I recently learned that, as part of a larger corporate overhaul, the Help Center I write will be abandoned within a few years. I found this out when my boss mentioned it in passing in an unrelated meeting. He didn’t even realize that he’d inadvertently delivered a perfect gut punch straight to my solar plexus.
Since then, I’ve spent a lot of time asking: Why am I doing this? What’s the point, if we’re going to throw it away in a year, or two, or five? I want my work to mean something. What does it mean if it’s discarded as unneeded baggage so soon?
A colleague helpfully reminded me that everything in software has a short lifespan. Five years is like an eon in software time. That’s true. And he reminded me that until then, my work does mean something: People will continue reading my Help Center articles and sending me grouchy “thumbs down/This article was NOT what I was looking for” feedback. I can make a difference to those people between now and whenever we draw the curtain on my Help Center.
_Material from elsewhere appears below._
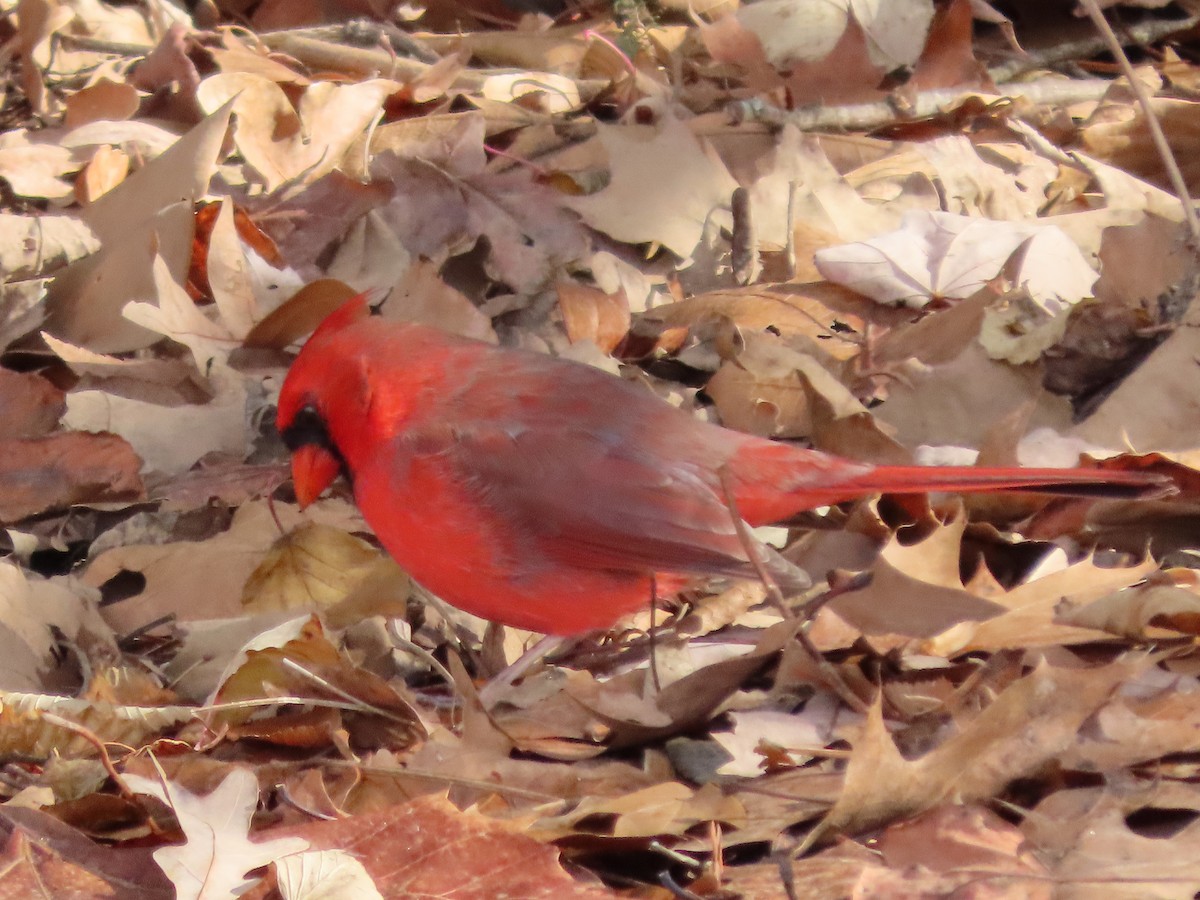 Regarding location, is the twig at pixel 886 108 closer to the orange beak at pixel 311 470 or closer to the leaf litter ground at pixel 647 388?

This reminded me that I’m not the first person to feel this way. The writer of Ecclesiastes put it perfectly:
But in the end, does it really make a difference what anyone does? I’ve had a good look at what God has given us to do—busywork, mostly. True, God made everything beautiful in itself and in its time—but he’s left us in the dark, so we can never know what God is up to, whether he’s coming or going. I’ve decided that there’s nothing better to do than go ahead and have a good time and get the most we can out of life. That’s it—eat, drink, and make the most of your job. It’s God’s gift.
Ecclesiastes 3:9-13
Okay, then. I’ll make the most out of it: I’ll keep doing the best I can each day, and when my day ends, I’ll walk away knowing I couldn’t have done better.
And I won’t waste all my time working or worrying about work, either. Meaning in life doesn’t come from my job, no matter how many people in our society say it does. I want to “get the most I can out of life” by spending my time wisely — on people I care about, not some ephemeral job that will eventually throw my work in the garbage.